En effet, il reste difficile de suivre la qualité de l'air dans les espaces publics, dans les logements et les bâtiments privés. "Or, on passe 80 % de notre temps dans des lieux clos", martèle la députée qui estime que le sujet devrait être beaucoup plus abordé. Elle rappelle des chiffres édifiants : "Chaque année, il y a 20.000 décès liés à une mauvaise qualité de l'air intérieur et le nombre de pathologies respiratoires est en hausse constante. Tout cela a un coût pour la société, de l'ordre de 19 milliards d'euros par an ! Un montant à mettre en perspective avec l'enveloppe allouée au Plan de rénovation qui est de 14 milliards.

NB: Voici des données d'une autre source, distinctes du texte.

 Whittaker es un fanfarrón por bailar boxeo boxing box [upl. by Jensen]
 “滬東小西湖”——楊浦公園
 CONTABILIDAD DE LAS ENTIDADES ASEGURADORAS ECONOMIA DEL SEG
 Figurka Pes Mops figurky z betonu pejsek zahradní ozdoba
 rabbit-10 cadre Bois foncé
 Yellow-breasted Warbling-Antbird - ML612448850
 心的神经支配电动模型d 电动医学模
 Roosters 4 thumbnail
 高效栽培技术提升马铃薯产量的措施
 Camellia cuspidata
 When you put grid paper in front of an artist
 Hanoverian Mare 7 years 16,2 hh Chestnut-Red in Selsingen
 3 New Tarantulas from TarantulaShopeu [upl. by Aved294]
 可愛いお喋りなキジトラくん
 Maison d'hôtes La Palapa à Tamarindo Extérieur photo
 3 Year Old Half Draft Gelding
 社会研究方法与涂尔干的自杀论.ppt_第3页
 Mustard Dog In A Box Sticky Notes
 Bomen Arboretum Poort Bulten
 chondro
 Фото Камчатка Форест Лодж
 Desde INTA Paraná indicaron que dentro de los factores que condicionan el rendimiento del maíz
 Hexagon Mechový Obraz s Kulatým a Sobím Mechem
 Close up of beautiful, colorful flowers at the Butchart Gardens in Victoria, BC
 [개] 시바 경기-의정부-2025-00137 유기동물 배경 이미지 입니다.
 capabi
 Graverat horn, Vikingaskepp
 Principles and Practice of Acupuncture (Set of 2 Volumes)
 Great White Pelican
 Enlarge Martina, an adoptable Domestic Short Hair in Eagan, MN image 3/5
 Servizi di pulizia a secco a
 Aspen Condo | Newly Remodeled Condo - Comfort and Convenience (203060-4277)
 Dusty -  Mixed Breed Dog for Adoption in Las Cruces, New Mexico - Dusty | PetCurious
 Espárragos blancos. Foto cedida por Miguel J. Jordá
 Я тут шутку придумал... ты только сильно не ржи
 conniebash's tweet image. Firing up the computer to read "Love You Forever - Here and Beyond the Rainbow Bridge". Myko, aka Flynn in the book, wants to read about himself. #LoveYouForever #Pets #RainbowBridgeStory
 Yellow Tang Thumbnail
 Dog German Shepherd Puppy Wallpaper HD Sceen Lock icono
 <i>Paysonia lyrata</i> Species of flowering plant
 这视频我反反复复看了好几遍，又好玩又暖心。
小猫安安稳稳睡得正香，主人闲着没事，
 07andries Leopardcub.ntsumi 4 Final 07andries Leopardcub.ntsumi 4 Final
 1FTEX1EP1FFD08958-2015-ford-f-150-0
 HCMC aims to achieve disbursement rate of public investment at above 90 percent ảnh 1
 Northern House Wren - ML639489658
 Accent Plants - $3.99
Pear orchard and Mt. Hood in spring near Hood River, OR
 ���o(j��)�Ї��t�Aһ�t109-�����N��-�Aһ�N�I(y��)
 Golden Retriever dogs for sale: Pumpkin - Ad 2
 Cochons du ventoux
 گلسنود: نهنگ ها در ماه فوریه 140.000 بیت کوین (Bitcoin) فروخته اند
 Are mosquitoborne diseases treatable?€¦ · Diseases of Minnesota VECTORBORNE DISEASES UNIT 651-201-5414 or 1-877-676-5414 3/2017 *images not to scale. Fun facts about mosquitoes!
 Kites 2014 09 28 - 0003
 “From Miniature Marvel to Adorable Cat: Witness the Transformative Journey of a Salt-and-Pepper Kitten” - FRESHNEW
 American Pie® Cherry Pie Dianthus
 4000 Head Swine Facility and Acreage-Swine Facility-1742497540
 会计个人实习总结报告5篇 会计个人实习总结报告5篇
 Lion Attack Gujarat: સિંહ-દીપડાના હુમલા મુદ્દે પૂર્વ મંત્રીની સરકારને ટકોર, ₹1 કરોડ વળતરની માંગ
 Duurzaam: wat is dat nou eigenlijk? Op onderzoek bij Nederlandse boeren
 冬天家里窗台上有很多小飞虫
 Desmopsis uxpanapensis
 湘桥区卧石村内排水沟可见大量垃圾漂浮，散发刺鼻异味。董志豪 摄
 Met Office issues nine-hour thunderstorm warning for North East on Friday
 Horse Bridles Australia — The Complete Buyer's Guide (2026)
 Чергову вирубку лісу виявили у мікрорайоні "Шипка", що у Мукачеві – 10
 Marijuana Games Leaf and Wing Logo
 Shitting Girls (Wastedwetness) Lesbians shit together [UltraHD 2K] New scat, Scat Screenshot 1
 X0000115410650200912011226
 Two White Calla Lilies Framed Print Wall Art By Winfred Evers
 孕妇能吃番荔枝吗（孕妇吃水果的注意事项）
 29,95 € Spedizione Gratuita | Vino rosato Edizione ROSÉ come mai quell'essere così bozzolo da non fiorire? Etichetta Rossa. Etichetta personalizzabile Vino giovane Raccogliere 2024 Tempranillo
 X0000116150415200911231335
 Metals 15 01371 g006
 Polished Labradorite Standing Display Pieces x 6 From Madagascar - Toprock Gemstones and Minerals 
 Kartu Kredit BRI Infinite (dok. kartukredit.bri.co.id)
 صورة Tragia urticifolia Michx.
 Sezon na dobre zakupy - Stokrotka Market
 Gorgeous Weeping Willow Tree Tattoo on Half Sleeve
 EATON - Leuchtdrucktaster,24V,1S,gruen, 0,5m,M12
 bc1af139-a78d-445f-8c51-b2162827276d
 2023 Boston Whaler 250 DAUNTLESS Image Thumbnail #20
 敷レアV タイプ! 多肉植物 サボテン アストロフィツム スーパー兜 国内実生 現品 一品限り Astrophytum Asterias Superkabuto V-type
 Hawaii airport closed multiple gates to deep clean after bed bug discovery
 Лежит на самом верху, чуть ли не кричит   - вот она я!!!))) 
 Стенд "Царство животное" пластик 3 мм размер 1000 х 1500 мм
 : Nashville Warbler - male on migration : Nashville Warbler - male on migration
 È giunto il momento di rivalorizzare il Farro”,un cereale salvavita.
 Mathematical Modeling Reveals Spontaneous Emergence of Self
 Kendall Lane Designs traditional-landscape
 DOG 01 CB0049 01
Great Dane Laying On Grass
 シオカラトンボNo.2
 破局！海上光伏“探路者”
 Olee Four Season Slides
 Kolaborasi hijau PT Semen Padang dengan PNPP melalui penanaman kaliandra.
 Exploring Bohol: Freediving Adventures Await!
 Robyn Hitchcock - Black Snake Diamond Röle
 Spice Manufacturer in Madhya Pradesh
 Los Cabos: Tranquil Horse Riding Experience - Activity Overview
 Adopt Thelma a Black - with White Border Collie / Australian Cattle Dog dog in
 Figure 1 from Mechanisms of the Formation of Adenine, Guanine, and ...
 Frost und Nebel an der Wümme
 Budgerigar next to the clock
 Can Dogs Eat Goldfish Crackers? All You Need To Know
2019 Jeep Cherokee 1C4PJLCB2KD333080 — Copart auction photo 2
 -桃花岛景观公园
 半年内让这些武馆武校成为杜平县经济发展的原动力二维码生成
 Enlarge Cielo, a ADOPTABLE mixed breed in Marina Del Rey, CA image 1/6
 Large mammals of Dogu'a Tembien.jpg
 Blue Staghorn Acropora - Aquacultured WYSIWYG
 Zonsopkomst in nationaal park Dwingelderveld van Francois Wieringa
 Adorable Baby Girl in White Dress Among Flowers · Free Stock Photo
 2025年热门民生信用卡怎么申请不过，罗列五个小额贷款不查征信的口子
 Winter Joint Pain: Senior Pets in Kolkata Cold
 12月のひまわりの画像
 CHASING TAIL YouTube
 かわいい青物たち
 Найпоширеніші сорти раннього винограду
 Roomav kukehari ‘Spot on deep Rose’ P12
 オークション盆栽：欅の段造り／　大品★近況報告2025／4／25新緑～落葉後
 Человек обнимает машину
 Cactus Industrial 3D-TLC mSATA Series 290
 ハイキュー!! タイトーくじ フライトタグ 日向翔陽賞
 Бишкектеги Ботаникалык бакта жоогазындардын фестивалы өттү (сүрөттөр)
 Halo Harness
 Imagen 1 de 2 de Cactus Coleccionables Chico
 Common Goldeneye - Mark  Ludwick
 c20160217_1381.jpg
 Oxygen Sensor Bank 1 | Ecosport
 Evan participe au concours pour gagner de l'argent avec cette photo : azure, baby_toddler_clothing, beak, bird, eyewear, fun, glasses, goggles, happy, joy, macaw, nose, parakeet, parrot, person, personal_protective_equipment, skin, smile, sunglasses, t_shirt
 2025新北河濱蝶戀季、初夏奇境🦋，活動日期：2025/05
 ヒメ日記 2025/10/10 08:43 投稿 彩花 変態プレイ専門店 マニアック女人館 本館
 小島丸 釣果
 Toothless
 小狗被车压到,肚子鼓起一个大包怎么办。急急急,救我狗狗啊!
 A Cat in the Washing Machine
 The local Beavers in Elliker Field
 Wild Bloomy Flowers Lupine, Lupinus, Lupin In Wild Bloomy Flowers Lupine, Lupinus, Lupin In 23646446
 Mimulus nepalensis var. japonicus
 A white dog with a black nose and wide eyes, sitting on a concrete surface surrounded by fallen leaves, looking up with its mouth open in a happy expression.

Il y a donc des choses à faire". Marjolaine Meynier-Millefert cite l'exemple de pays de l'Union européenne où la Sécurité sociale participe au financement de travaux de rénovation énergétique. "Au Royaume-Uni, on constate un ratio de 1:1 entre les montants investis dans les travaux d'amélioration et les dépensés de santé évitées", poursuit-elle.

 

Pour la co-animatrice du Plan, le financement des réhabilitations de passoires thermiques serait donc partiellement - voire totalement - compensé par les économies réalisées non seulement en matière d'énergie mais également de soins. "Ce n'est pas un investissement à perte et je souhaite en convaincre le gouvernement", nous dévoile-t-elle. Certes, depuis le début de l'année, il y a une obligation de suivi de la qualité de l'air intérieur des crèches et écoles maternelles, qui sera progressivement étendue à d'autres bâtiments d'accueil des enfants en 2020, puis à tous les établissements d'enseignement en 2023. Mais pour l'heure, rien dans les logements particuliers. Marjolaine Meynier-Millefert reprend : "Ne cloisonnons pas les sujets. Lorsqu'on entreprend une rénovation énergétique, il faut également prendre en compte la ventilation et la qualité de l'air intérieur. Nous nous adressons au même public. Il faut donc leur parler de gestes qui seront bons pour leur santé". La députée cite des mesures de bon sens : aérer chaque jour pendant 10 minutes "tout en pensant à couper le chauffage", ne pas boucher les aérations, vérifier au moyen d'une simple feuille de papier que les extracteurs d'air fonctionnent bien… "Les bâtiments sains durent plus longtemps", ajoute-t-elle.

 

 

Une mission pour étudier tous les impacts socio-économiques des rénovations

 

L'élue de La République en Marche souhaite désormais mener une mission de synthèse sur tous les effets indirects des rénovations thermiques, qu'ils soient bénéfiques la santé, sur l'insertion professionnelle ou tous les autres sujets liés au logement. "C'est la base de la pyramide de Maslow", rappelle-t-elle, avant d'énumérer tous les avantages d'un habitat de meilleure qualité : "En changeant les vitrages pour s'isoler d'une route bruyante, on gagne en sommeil. Cela a un impact sur la concentration des enfants à l'école et sur leurs résultats scolaires. Avec un meilleur éclairage on constate une baisse du nombre de dépressions. Je souhaite travailler de manière très large sur toutes les liaisons entre habitat et santé". Car, dans la perspective des discussions autour du projet de loi de finances, les arbitrages s'annoncent difficiles et la co-animatrice du Plan de rénovation veut s'assurer du soutien de certains ministères, dont celui de la Santé, en s'appuyant sur de vrais arguments. Elle entend s'inscrire dans la continuité de la campagne de communication du programme "Faire", lancée sur les ondes depuis la rentrée, où l'on aperçoit des logements humides, froids ou mal ventilés. "Ce sont des vidéos ludiques mais il y a de vrais enjeux derrière", conclut Marjolaine Meynier-Millefert, plus décidée que jamais à faire valoir l'intérêt de la chasse aux épaves énergétiques et autres passoires thermiques.